The Times Of Israel: US Warns Chinese Against Using Untraceable Ships To Hide Iran Oil Shipments

“The White House has been warning Chinese shipping companies not to have their vessels turn off tracking transponders to conceal their movements so they can ship oil from Iran, Reuters reported Wednesday. US officials are concerned that Chinese ships are turning off their automatic identification systems, used by vessels to transmit their location, so that their movements to and from Iran remain hidden.”

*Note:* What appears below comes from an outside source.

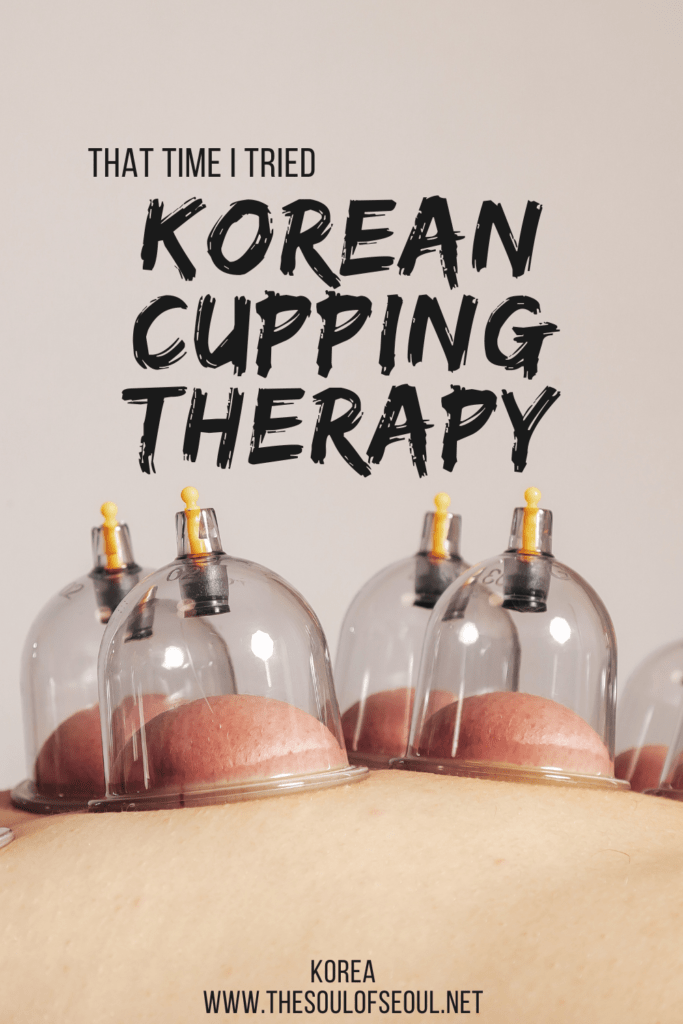 That Time I Got Korean Cupping Therapy: What Is It and My Honest Opinion: Korean cupping therapy, called buhang (부항), or the thing that makes those red circles on peoples' backs is a traditional practice and here's what to know about it.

South China Morning Post: Indonesia Arrests 36 Terror Suspects Including Policewomen Ahead Of Jokowi Inauguration

“At least 36 suspected militants, including two former policewomen, have been arrested in recent weeks for plotting suicide bombings and assembling explosive devices ahead of Indonesian President Joko Widodo’s inauguration for his second term this Sunday, police have said. Four of those detained were suspected suicide bombers aiming to attack police stations and non-Muslim places of worship in the West Java city of Cirebon, and the Central Java cities of Solo and Yogyakarta, national police spokesman Dedi Prasetyo said on Tuesday. One of the four was a policewoman from Yogyakarta named Nesti Ide Sami, an anti-terror police source told  On Wednesday, another national police spokesman, M. Iqbal, said the force had raised its level of internal monitoring. Both policewomen had been fired for violating the police code of ethics for deserting the police force. They will now be dealt with by the judiciary for the alleged terror activities, he said.”

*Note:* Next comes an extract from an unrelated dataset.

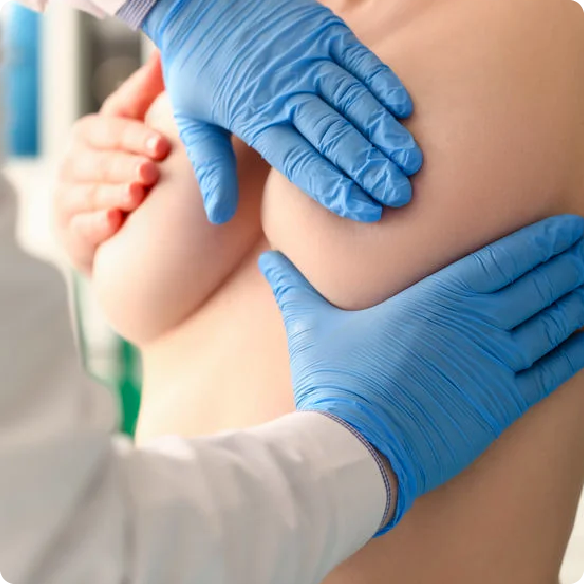 Médico especialista realizando consulta sobre cirugía oncoplástica de mama con una paciente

The Straits Times: First Singaporean To Be Convicted Of Terrorism Financing Jailed For 30 Months

“A 35-year-old former information technology engineer was sentenced on Thursday (Oct 17) to two years and six months' jail for funding terrorism. Ahmed Hussein Abdul Kadir Sheik Uduman is the first Singaporean national to be sentenced for terrorism financing. On Thursday, Ahmed pleaded guilty in a district court to two charges in connection with two payments he made amounting to about $1,145 in total to an individual who was “facilitating terrorist acts” overseas. The court heard that Ahmed had become radicalised sometime in 2013 after he came to know of the website and YouTube channel of a Sheikh Abdullah al-Faisal, a radical preacher living in Jamaica. Deputy Public Prosecutor (DPP) Chong Yonghui said that Ahmed was aware that the radical preacher supported physical jihad, “including the use of violence against “intruders” who were described as “non-Muslims attacking a Muslim area or location'“. The preacher also said it was an obligation for Muslims to set up a Muslim Caliphate, and commended the terrorist group Islamic State of Iraq and Syria (Isis) for doing this through violence.”

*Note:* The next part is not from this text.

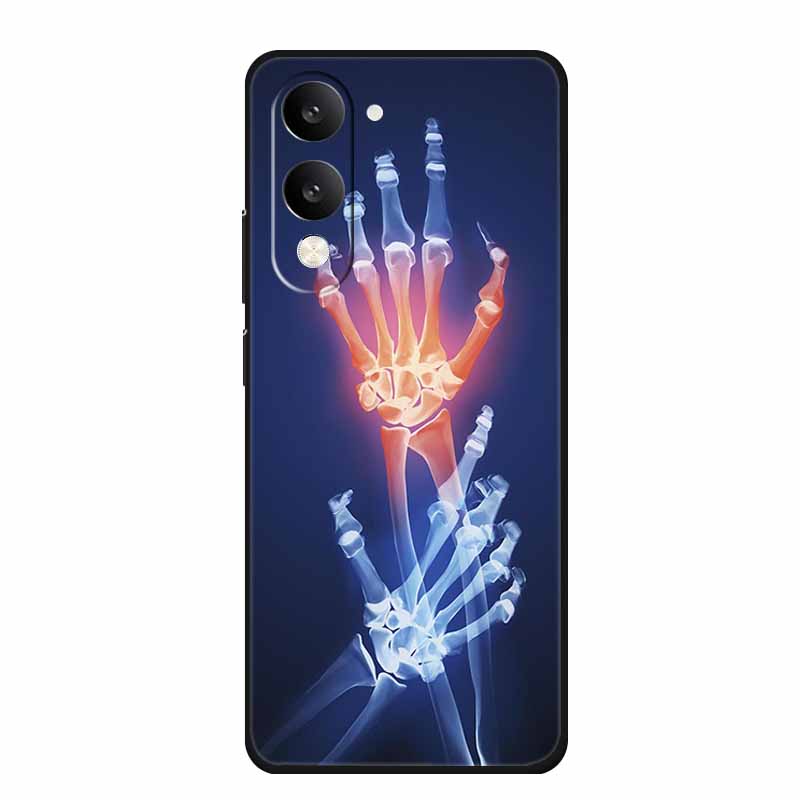 For Vivo Y29T Y29s Case Y 29 T S Coque Flowers Black Silicone Soft Back Cover For Vivo Y19s GT 5G iQOO Z10 Lite Phone Case Funda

Axios: Lawmakers Target Law Protecting Reddit, Google From Content Liability

“Lawmakers mulling changes to the law that shields Facebook, Reddit and other online platforms from liability over user-generated content found some bipartisan common ground during a House Energy & Commerce joint subcommittee hearing Wednesday. Why it matters: Technology companies say changing the law that protects online platforms — Section 230 of the Communications Decency Act — is an existential threat to their business models and the internet itself. But both Republicans and Democrats agreed the platforms are not doing enough to police themselves when it comes to removing harmful content from their sites.”

The Verge: Congress’s Focus On Content Moderation Has Distracted It From The Larger Problem

“What stays up on the internet, and what comes down? It’s a defining question of the age — and the subject of yesterday’s newsletter — and on Wednesday, it came to Congress. The occasion was a hearing of the House Energy and Committee Commerce and its subcommittees on communications and technology and consumer protection and commerce. The intent was to “explore whether online companies are appropriately using the tools they have — including protections Congress granted in Section 230 of the Communications Decency Act — to foster a healthier Internet.”